For new projects, we recommend that you use the new Kinesis Data Analytics Studio over Kinesis Data Analytics for SQL Applications. Kinesis Data Analytics Studio combines ease of use with advanced analytical capabilities, enabling you to build sophisticated stream processing applications in minutes.
Using the Schema Discovery Feature on Static Data
The schema discovery feature can generate a schema from either the data in a stream or
data in a static file that is stored in an Amazon S3 bucket. Suppose that you want to
generate a schema for a Kinesis Data Analytics application for reference purposes or when live streaming
data isn't available. You can use the schema discovery feature on a static file that
contains a sample of the data in the expected format of your streaming or reference
data. Kinesis Data Analytics can run schema discovery on sample data from a JSON or CSV file that's
stored in an Amazon S3 bucket.
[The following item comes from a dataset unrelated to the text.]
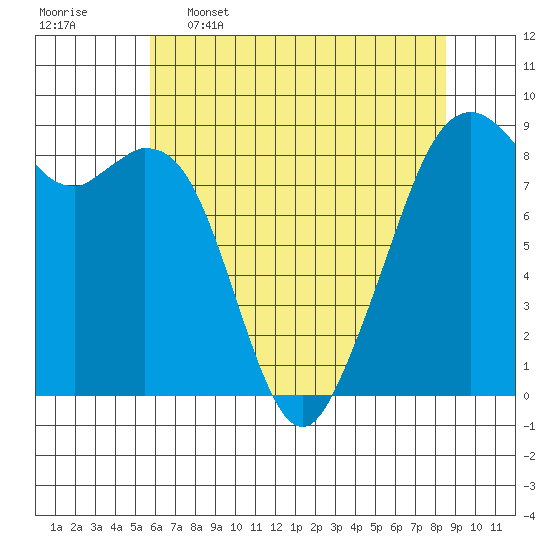 Indian Island tide chart for Tuesday, May 5, 2026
Using schema discovery on a data file uses either the console, or the DiscoverInputSchema API with
the S3Configuration
parameter specified.
Running Schema Discovery Using the Console
To run discovery on a static file using the console, do the following:
Add a reference data object to an S3 bucket.
Choose Connect reference data in the application's main page in the Kinesis Data Analytics console.
Provide the bucket, path and IAM role data for accessing the Amazon S3 object containing the reference data.
Choose Discover schema.
For more information on how to add reference data and discover schema in the console, see Example: Adding Reference Data to a Kinesis Data Analytics Application.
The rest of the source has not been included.